### Exercise details
Nothing should appear in the answer except the lines from the one with "Iittala - Taika" through the end of the listing below, transcribed exactly and without pictures.
*** Opening Records supplied ***
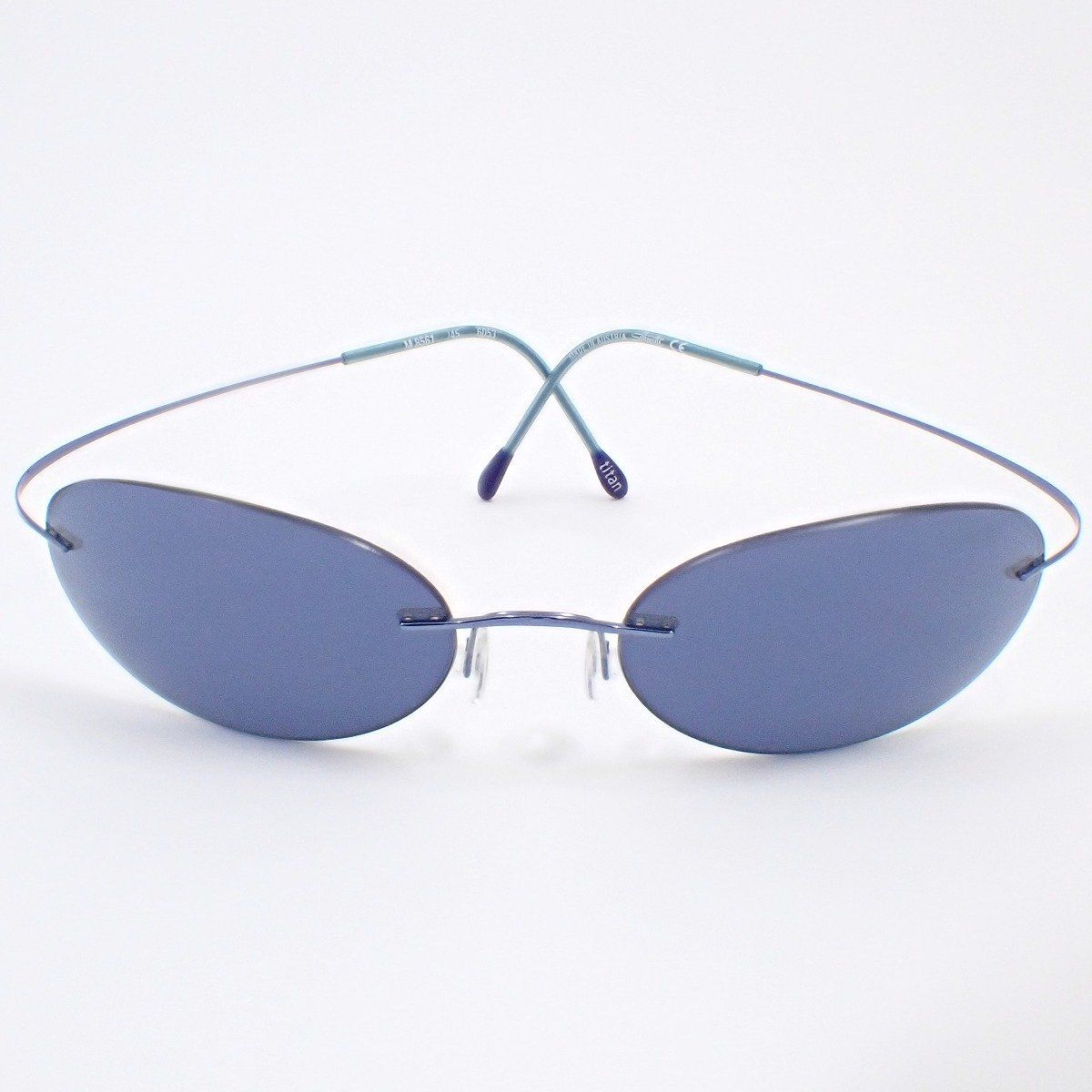 Silhouette シルエット サングラス M 8561 6053 チタン ブルー系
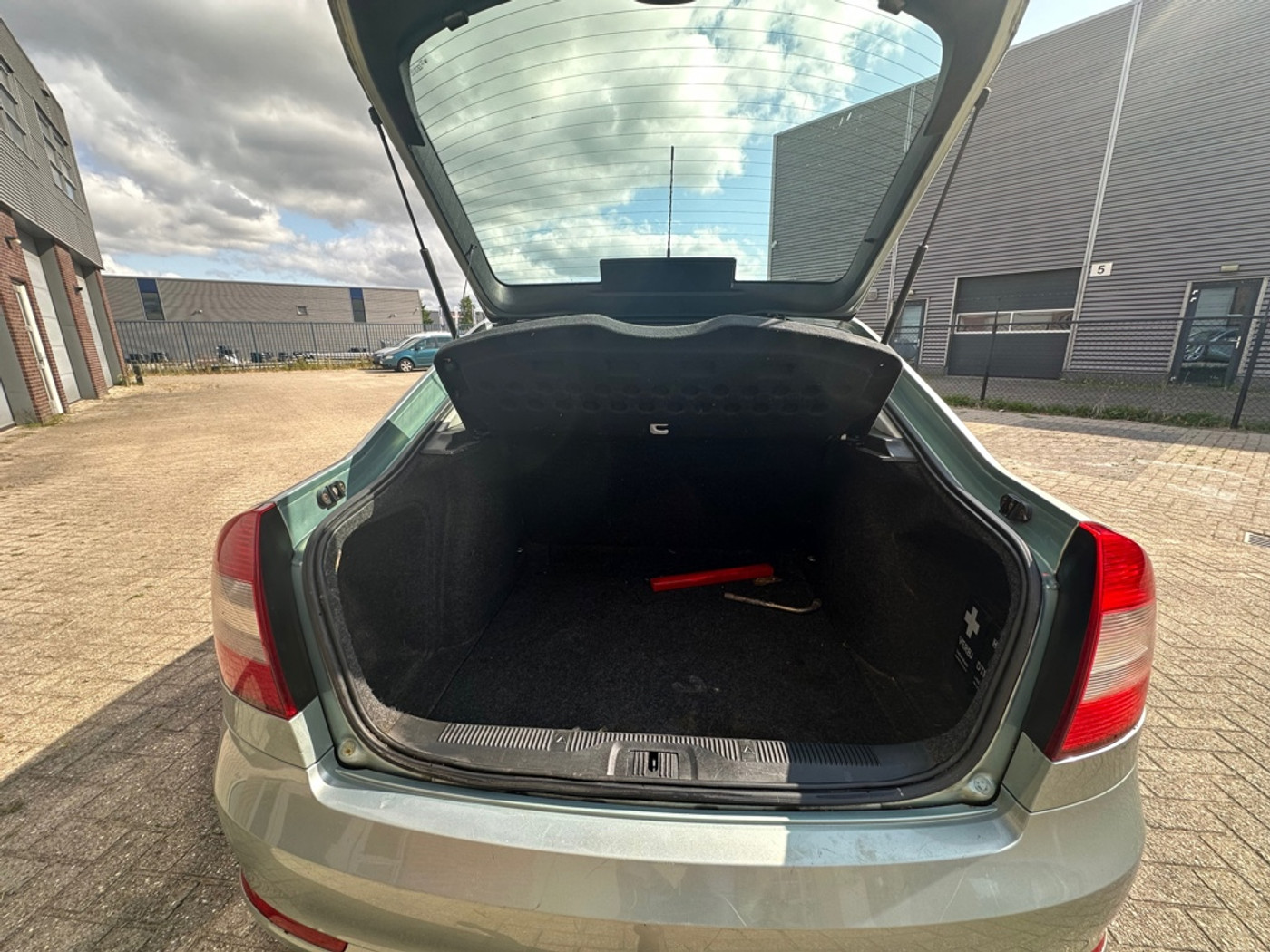 Foto van Skoda Octavia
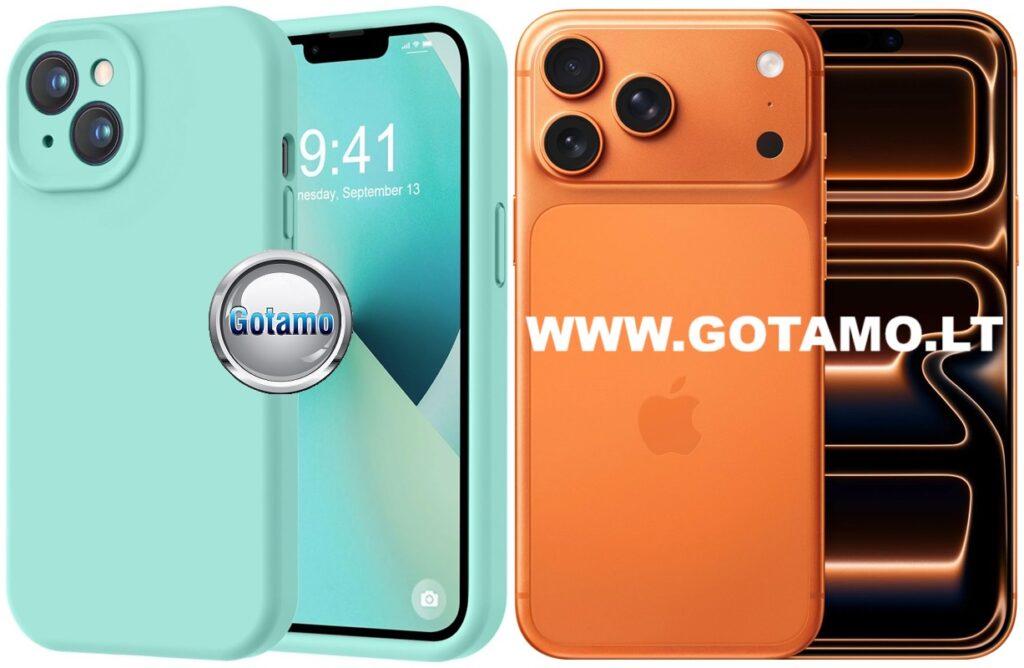 B soft plus deklas Apple iPhone 17 pro max metinis
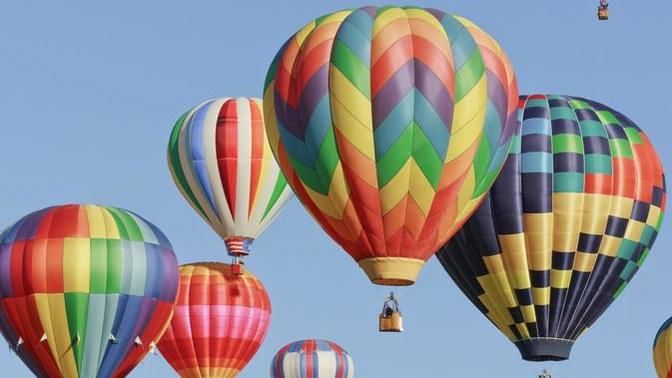 Have you taken a ride in a HOT AIR BALLOON?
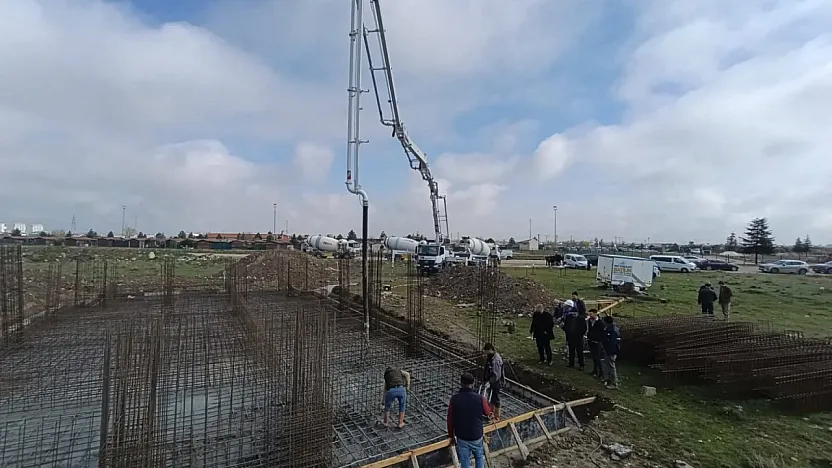 Afyon, Yeni Bir Cami Kazanıyor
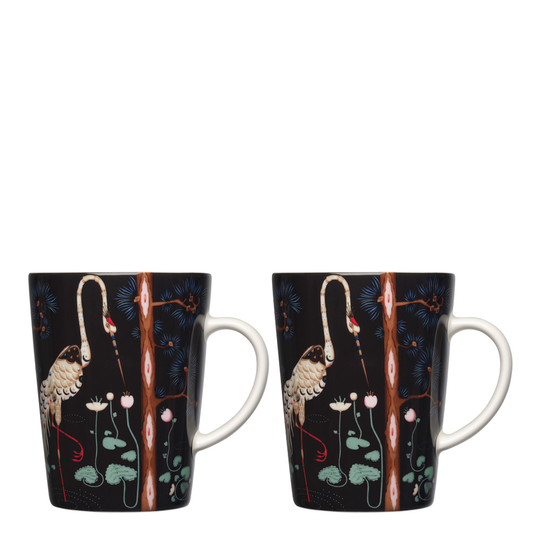 Iittala - Taika Mugg 15-årsjubileum 40cl 2-pack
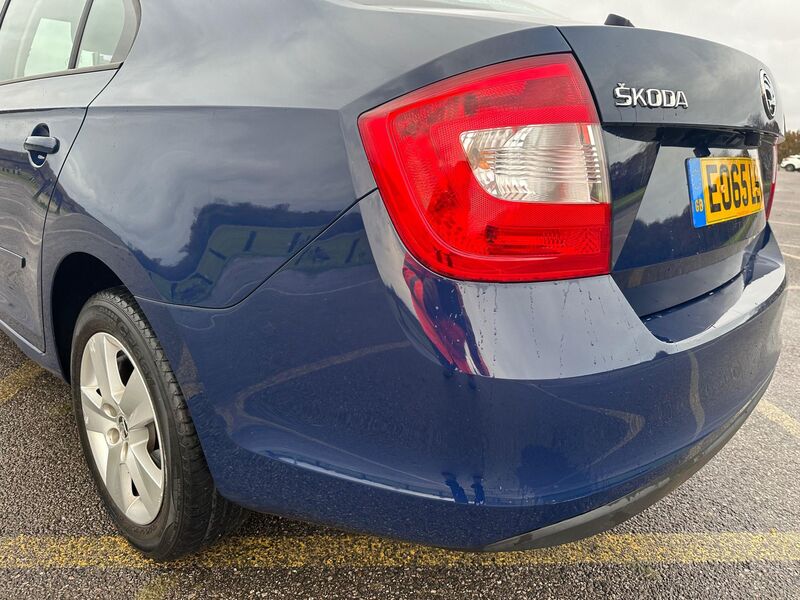 SKODA RAPID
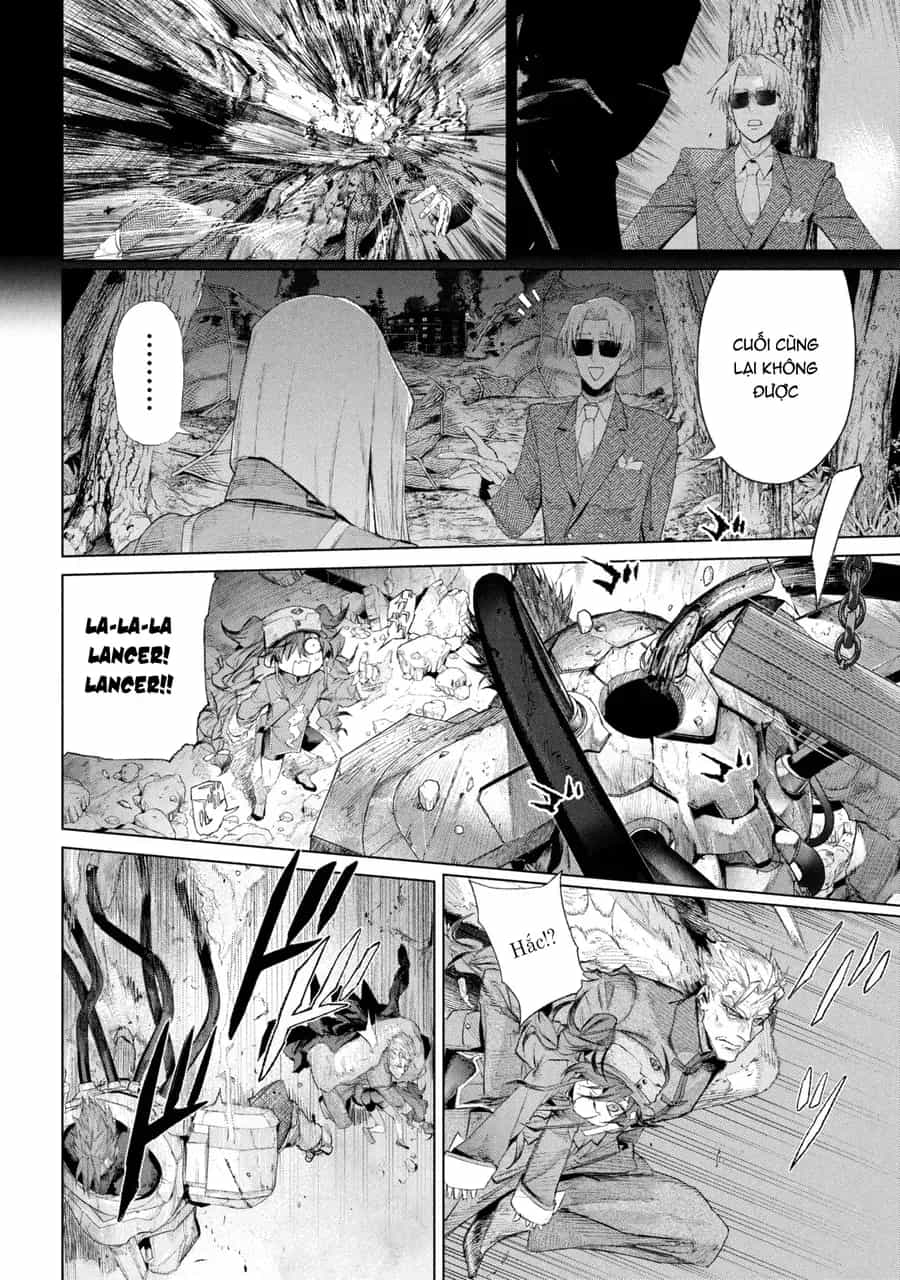 Fate/Type Redline - Truyền Kỳ Về Chén Thánh Đế Đô - Chương 25.3 - ảnh 9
*** Closing Records supplied ***
### Task result
 Iittala - Taika Mugg 15-årsjubileum 40cl 2-pack
 SKODA RAPID
 Fate/Type Redline - Truyền Kỳ Về Chén Thánh Đế Đô - Chương 25.3 - ảnh 9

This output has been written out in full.